1. Each of the Applicants is an indirect wholly-owned subsidiary of Citigroup Inc. (“Citigroup”), a diversified financial services company. CGMI is a full service investment banking firm that engages in securities underwriting, sales and trading, investment banking, financial advisory and investment research services. CGMI is registered as a broker-dealer under the Securities Exchange Act of 1934 and as an investment adviser under the Investment Advisers Act of 1940 (“Advisers Act”). It currently does not serve as principal underwriter or investment adviser of any Funds, but it may seek to do so in the future.
CFIMA Start Printed Page 47161is registered as an investment adviser under the Advisers Act and serves as investment adviser for one or more Funds. CEFOF, CELFOF, Citibank, Citigroup Alternative, CCP I, CCP II, and CPE (Offshore) (“ESC Advisers”) serve as investment advisers to certain employees' securities companies within the meaning of section 2(a)(13) of the Act, which provide investment opportunities for certain eligible employees, officers, directors and persons on retainer of Citigroup and its affiliates (“ESCs” and included in the term “Funds”).
2. On August 5, 2014, the United States District Court for the Southern District of New York entered a judgment, which included the Injunction, against CGMI (“Final Judgment”) in a matter brought by the Commission.

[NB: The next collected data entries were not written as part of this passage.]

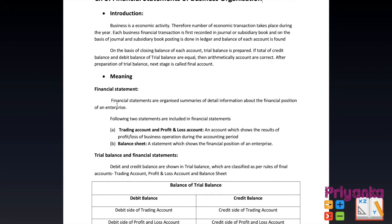Financial statements are organized summaries of detailed information about the financial position of an enterprise. Two statements are included in a financial statement. The first is the trading account and profit and loss account, which shows the result of profit or loss of business operating during the accounting period. The second is the balance sheet, which shows the financial position of an enterprise.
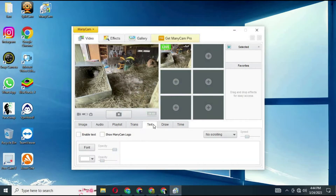Click on the text window at the bottom — there you will see "remove Minicam watermark". Just click on it and the watermark will be removed.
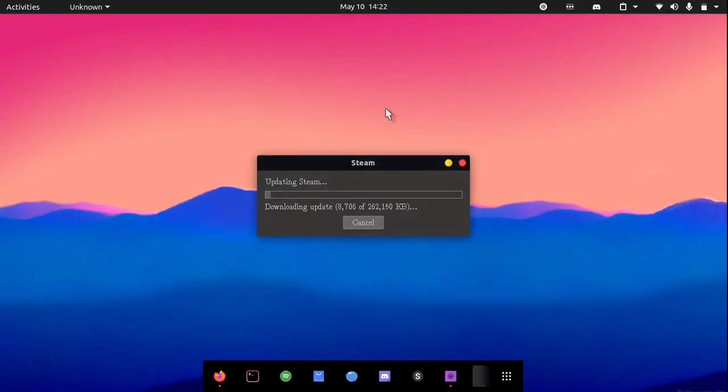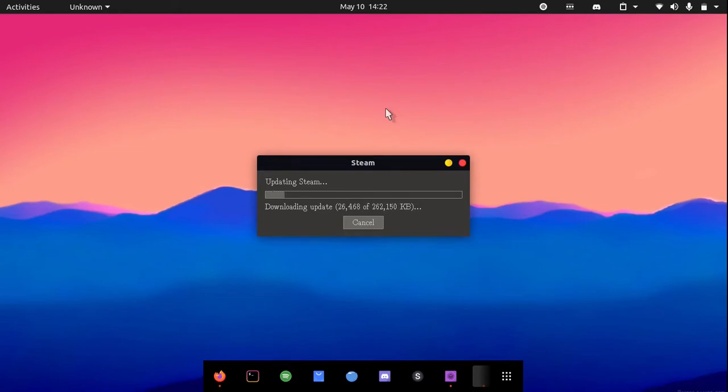Now we will download all the Steam files. It will mount some directories to your hard drive, so give it a few seconds or maybe even minutes.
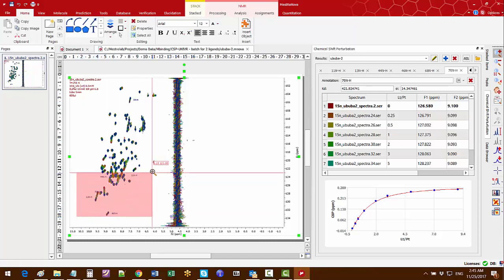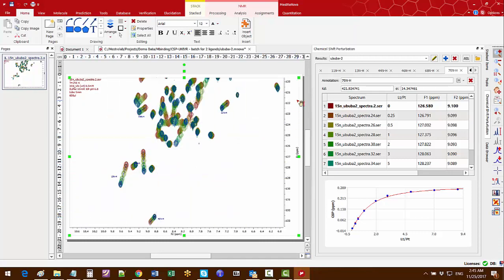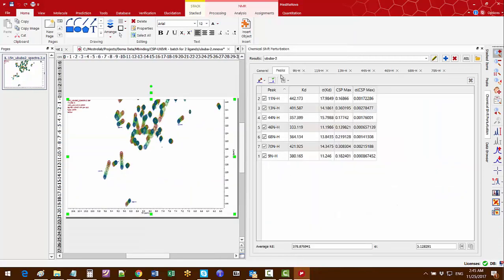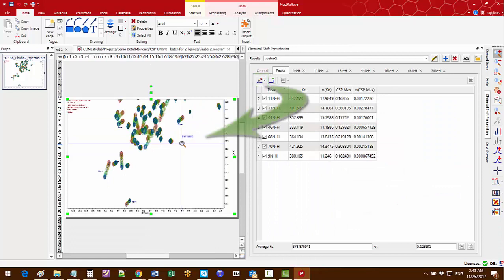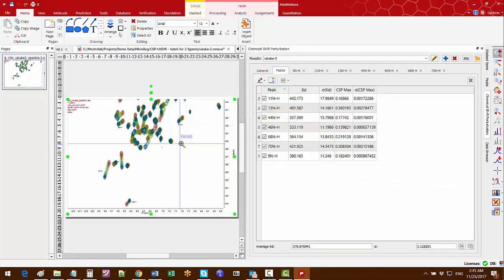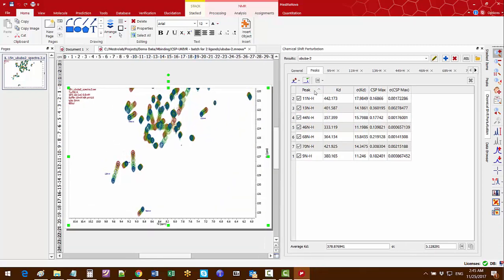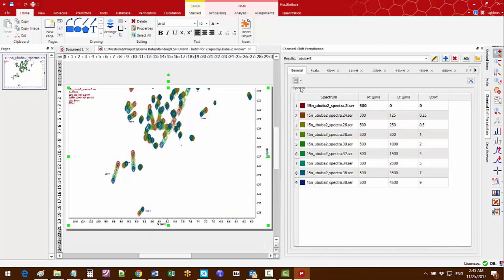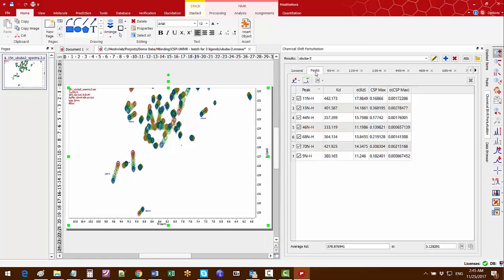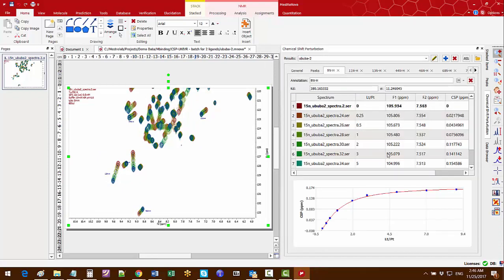In the open document, if you still want to add more test peaks, you can use the peak picking tool to add more peaks as shown in the previous video. You can report the results for all the spectra, for all the test peaks and for the individual peaks as shown in the previous videos.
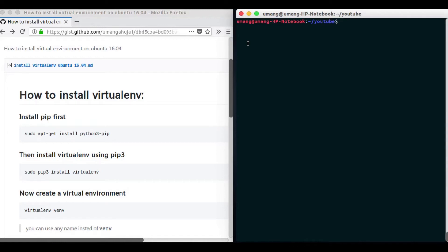Hello guys and welcome back to Get Set Python. In this video we will see what is a virtual environment and how we can use it to make our projects work more efficiently and properly.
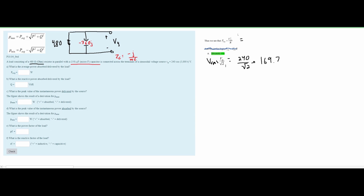Now we square V_rms and divide by the resistance to get average power. We have 169.7² divided by 480 ohms. Remember, this is a resistance, not impedance, which is why we don't combine it with the capacitor. Doing this calculation gives us 60 watts for our average power.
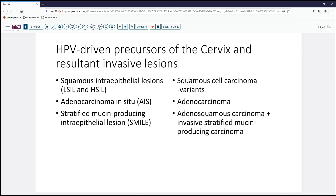There are a number of lesions that are of course HPV drivers of cancers in the cervix. Most commonly we see it involving squamous epithelium and categorize it using the LAST classification as low-grade or high-grade squamous intraepithelial lesions. We're also aware that adenocarcinoma in situ is a precursor lesion of invasive adenocarcinomas in the cervix, and that is driven by HPV as well.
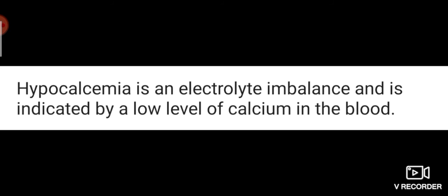Hypocalcemia is an electrolyte imbalance and is indicated by a low level of calcium in the blood. In hypocalcemia, the calcium level in blood plasma is down.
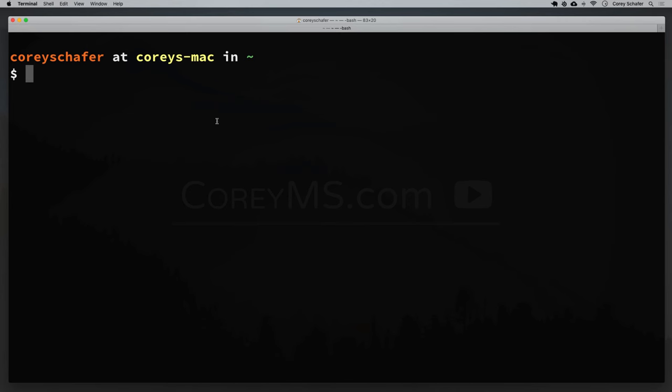Hey there, how's it going everybody? In this video we're going to be learning how to install and use Homebrew on the Mac operating system. Homebrew is a package manager for Mac, so you can think of it like apt or yum for Linux systems, or if you're more familiar with Python, you can think of this as being the pip of the Mac operating system.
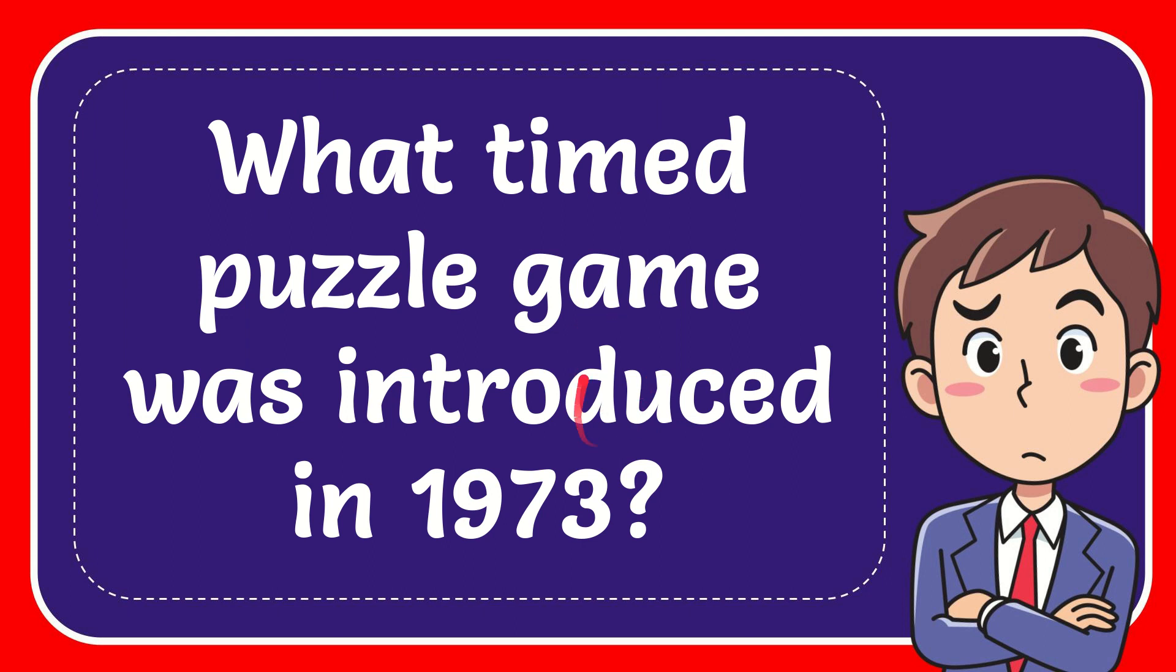In this video, I'm going to give you the answer for this question. The question is: what timed puzzle game was introduced in 1973?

The conduct of CGMI, along with certain of its affiliates, (together, “Citi”) alleged in the complaint (“Complaint”) involved Citi's role in the structuring and marketing of a largely synthetic collateralized debt obligation (“CDO”) whose investment portfolio consisted primarily of credit default swaps referencing other CDO securities with collateral consisting primarily of residential mortgage-backed securities. The Complaint alleged that the marketing materials for the CDO were materially misleading because they suggested that Citi was acting in the traditional role of an arranging bank, when in fact Citi had allegedly exercised influence over the selection of the assets and had retained a proprietary short position of the assets it had helped select, which gave Citi allegedly undisclosed economic interests adverse to those of the investors in the CDO. The Final Judgment would restrain and enjoin CGMI from violating sections 17(a)(2) and (3) of the Securities Act of 1933. Without admitting or denying any of the allegations in the Complaint, except as to personal and subject matter jurisdiction, CGMI consented to the entry of the Final Judgment and other equitable relief, including certain undertakings and the payment of a civil penalty.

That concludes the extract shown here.